▶ **Supplied information**
═══

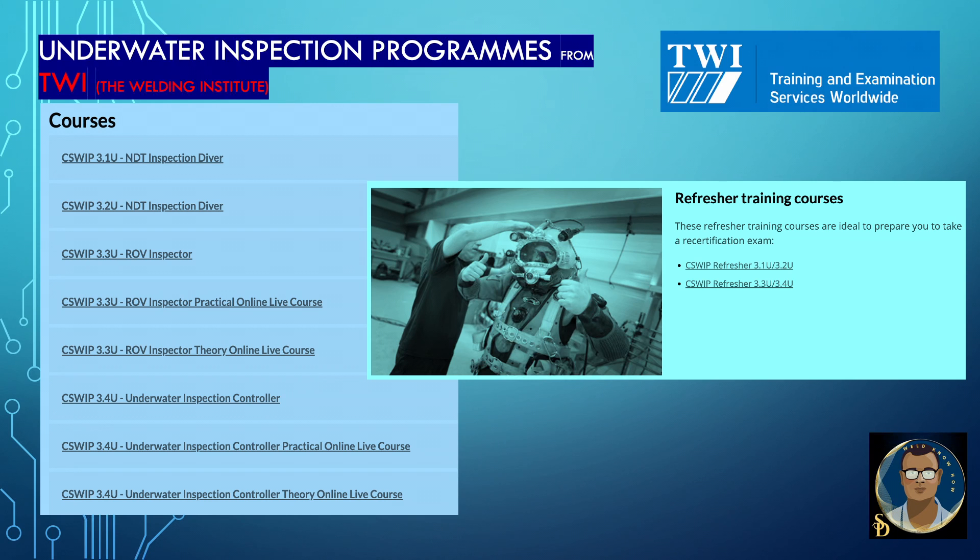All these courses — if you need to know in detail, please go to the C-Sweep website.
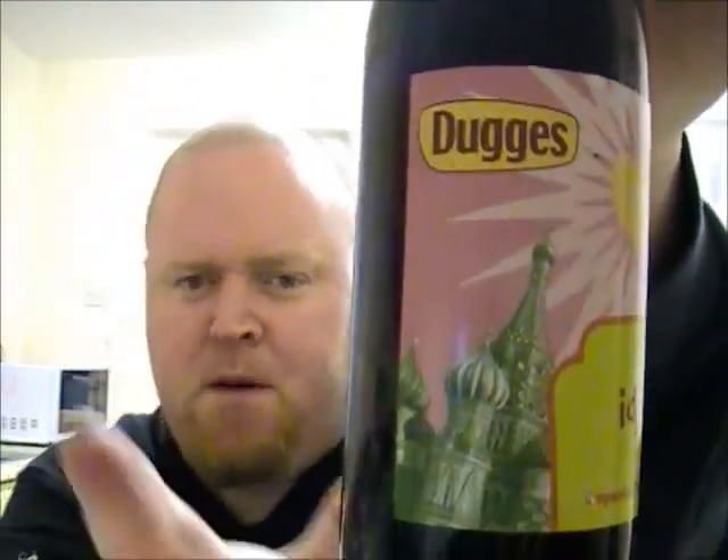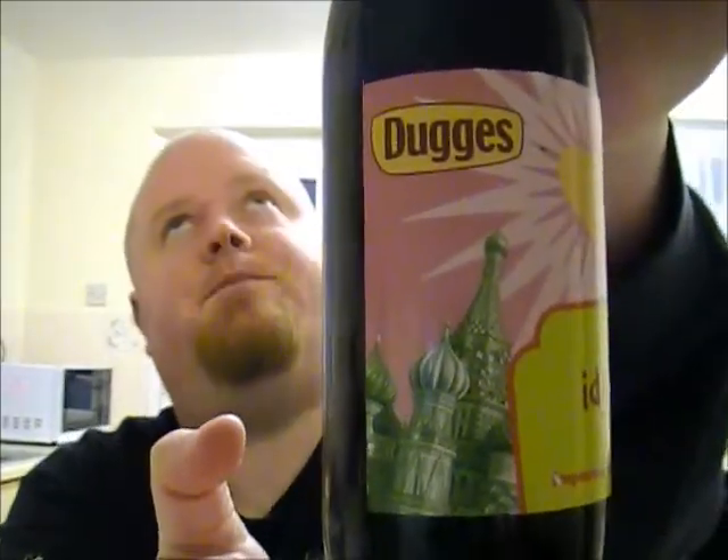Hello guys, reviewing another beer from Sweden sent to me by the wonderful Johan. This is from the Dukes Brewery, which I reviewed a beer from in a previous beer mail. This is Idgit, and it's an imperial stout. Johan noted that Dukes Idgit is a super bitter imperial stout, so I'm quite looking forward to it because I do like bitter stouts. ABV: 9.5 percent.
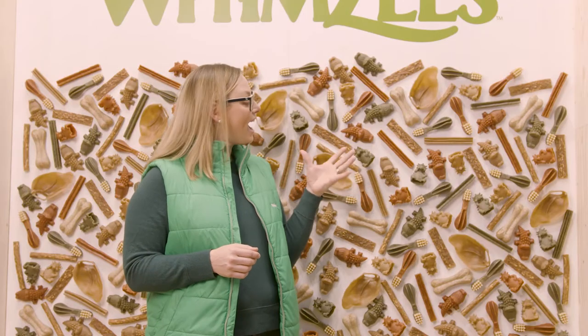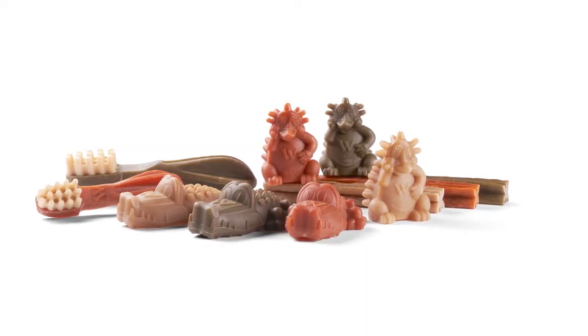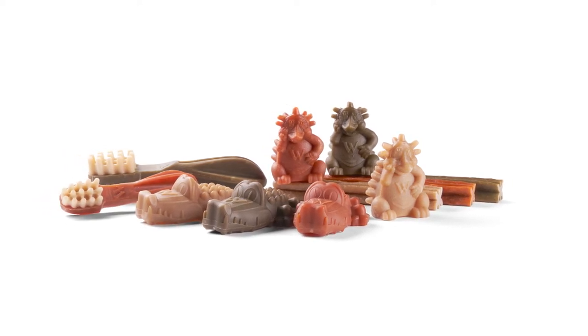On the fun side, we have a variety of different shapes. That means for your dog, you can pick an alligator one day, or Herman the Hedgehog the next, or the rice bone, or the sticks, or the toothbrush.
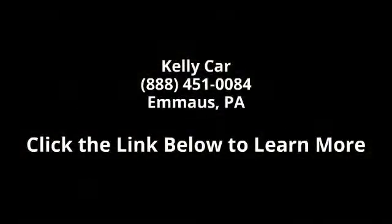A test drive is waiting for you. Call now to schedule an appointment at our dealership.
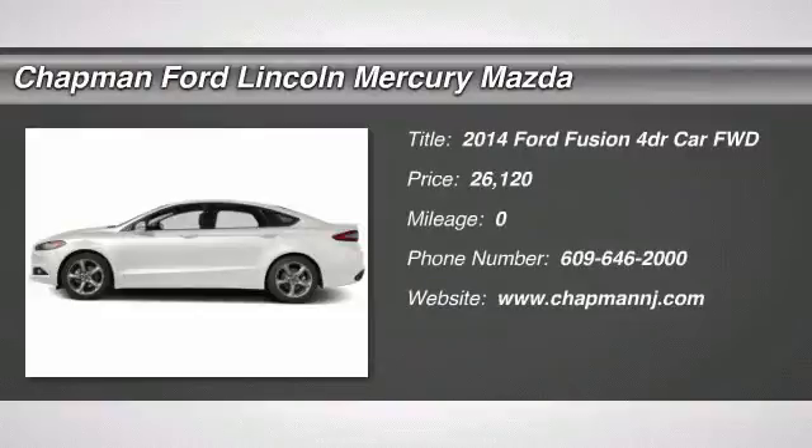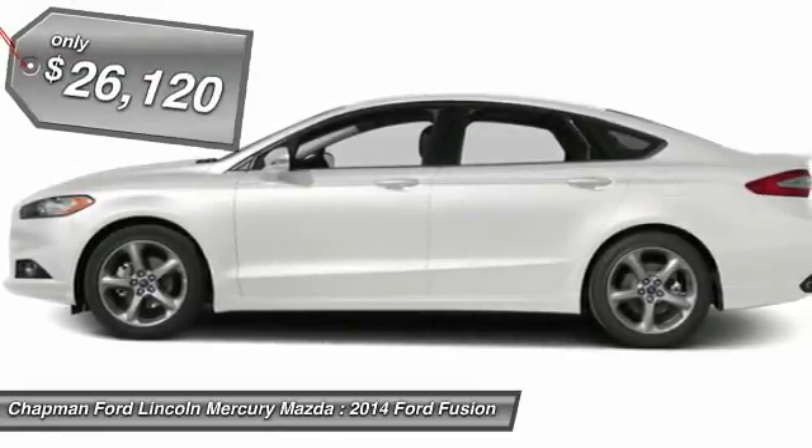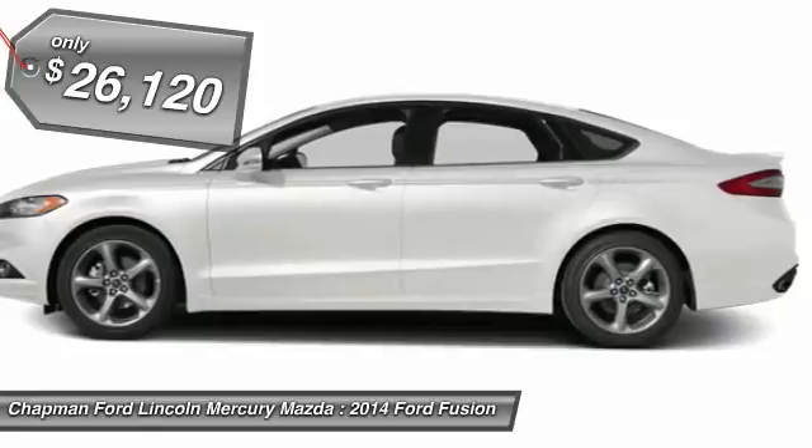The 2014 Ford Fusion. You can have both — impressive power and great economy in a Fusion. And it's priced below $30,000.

═══

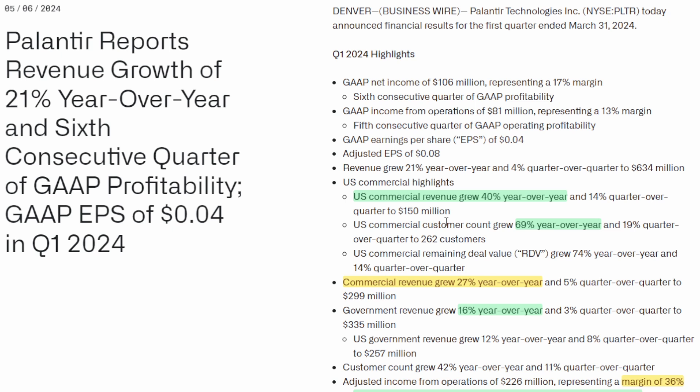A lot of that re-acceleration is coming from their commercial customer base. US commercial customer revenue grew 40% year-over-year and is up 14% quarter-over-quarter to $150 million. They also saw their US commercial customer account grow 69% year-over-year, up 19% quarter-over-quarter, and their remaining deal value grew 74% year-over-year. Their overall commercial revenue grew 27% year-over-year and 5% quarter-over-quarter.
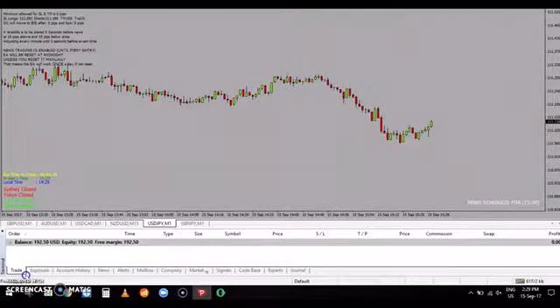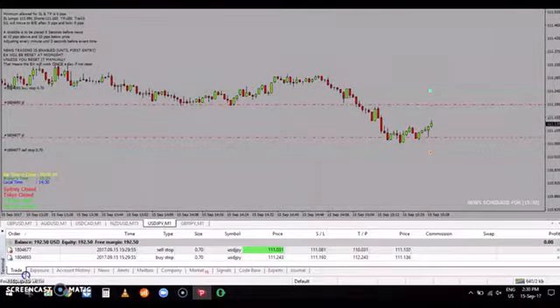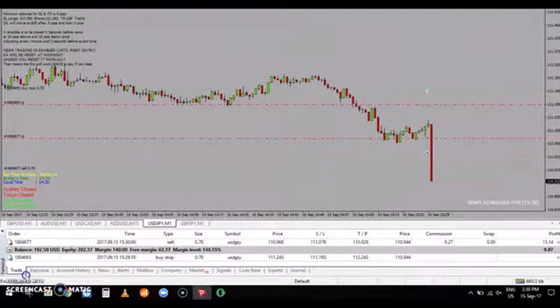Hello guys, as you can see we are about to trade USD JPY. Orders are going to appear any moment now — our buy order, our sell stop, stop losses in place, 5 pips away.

═══

▶ **What the task requires**
Look above for the line with "All these courses", then give again exactly every line from there through the line with "Hello guys, reviewing", skipping the pictures.

▶ **Answer section**
All these courses — if you need to know in detail, please go to the C-Sweep website.
Hello guys, reviewing another beer from Sweden sent to me by the wonderful Johan. This is from the Dukes Brewery, which I reviewed a beer from in a previous beer mail. This is Idgit, and it's an imperial stout. Johan noted that Dukes Idgit is a super bitter imperial stout, so I'm quite looking forward to it because I do like bitter stouts. ABV: 9.5 percent.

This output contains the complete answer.